I felt quite intimidated as if I crashed the wrong party. But they welcomed me as if I was a member of the group. In fact better, like family.

From the beginning, after introductions, they asked me a “book of questions” (spirit, soul, healing, conscious, awaken, heart matters, inner joys etc) and treated me like a teacher. As if they already knew me (they did not even knew anything about me or my blog or my spontaneous adventures around the world… )

They became immediate students and jot down everything I say. It felt as if I was a distinguished professor or speaker who came to spread the seeds of my knowledge.

It felt weird, normally I’m the one jotting down everything. It’s weird that peeps are writing down everything I say from my heart.

To me, it’s a norm, a life I lived everyday, to them it’s gems. They acknowledge everything I say and agree wholeheartedly.

If i were back home with family and even with my warrior friends, sometimes we questioned each others’ beliefs. And sometimes in spiritual new age context, they cannot understand what I was saying and laugh or make fun of me according to their own interpretation. It no longer bothers me because I believe the truths will catch up on us when we are ready;)

But here, it felt like i was in my own fan club. They were ready and…. hungry….and wanted more even after i left. (Perhaps they are aliens like me.
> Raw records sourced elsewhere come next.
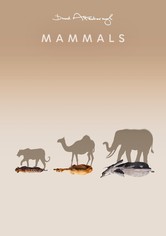 Mammals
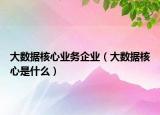 大數(shù)據(jù)核心業(yè)務企業(yè)（大數(shù)據(jù)核心是什么）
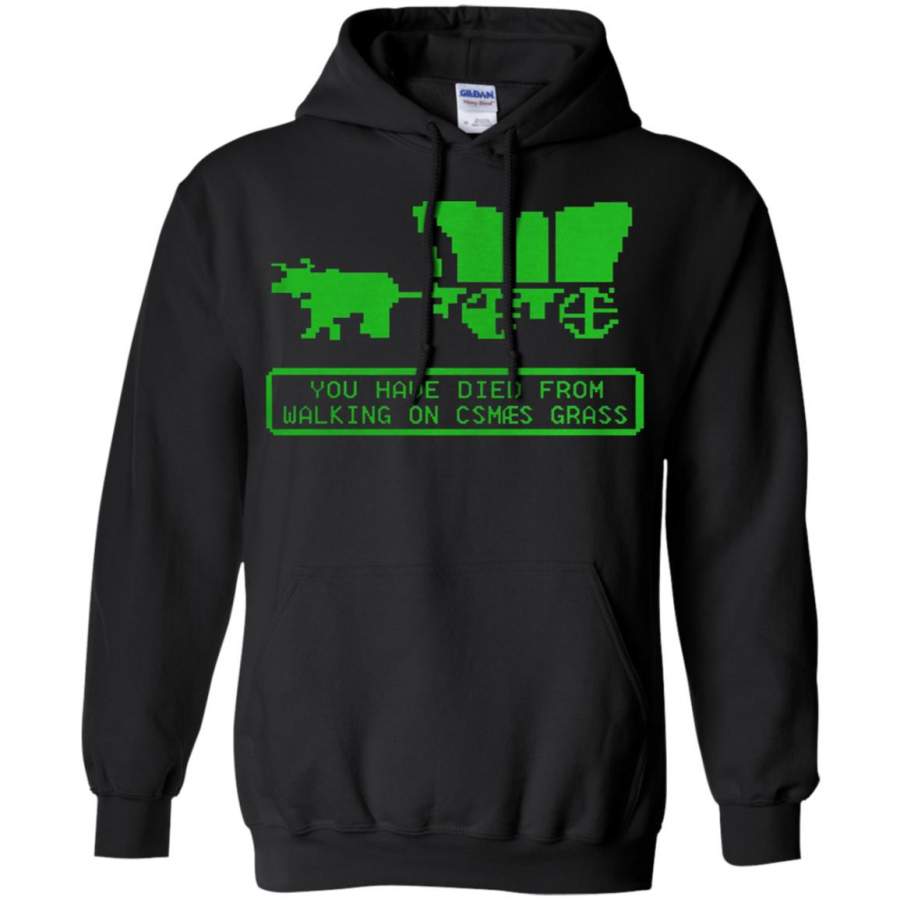 You Have Died From Walking On Csmaes Grass Hoodie – Moano Store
Maybe this is my lost tribe?!)

Throughout the endless conversations, feeling a bit smitten with these successful abundant peeps, I kept thinking isn’t this supposed to be the other way round? Shouldn’t I be asking and jotting down notes?

Comparing their outlook and mine (dressing and attire) Simple was an understatement for me. I looked like their helpers, or housekeepers and yet here they are asking me for wealth (of knowledge) when the wealth is clearly written all over them.

Nevertheless, I knew the Universe has prepared something for me, when I was “invited” in 2017.

And as my gifts were “sharpened” through out my stay in the islands…, I knew it was preparing me for more.

Questions asked were answered effortlessly. As if my spirit was mature enough or there were guides beside me who whispers them to me. And heart and soul blueprints were shown to me vividly and clearly before being asked.

Although it felt a bit strange, it felt as if I was fulfilling a promise to be here… my soul appointment, planned before birth. And we all already planned to hang out together to remind each other of our Mission, purpose and truths.

Going offline, now…

Shine your brightest!
Lina

P.s: Remembering what my past mentor Blaire Singer told me…Everyone is a teacher. We each have experiences of life that we had been through.

So why not put that to good use and help others not to make the same mistakes and help them accelerate in life of success exponentially? Show them the easier way… (something like that, according to my own interpretation).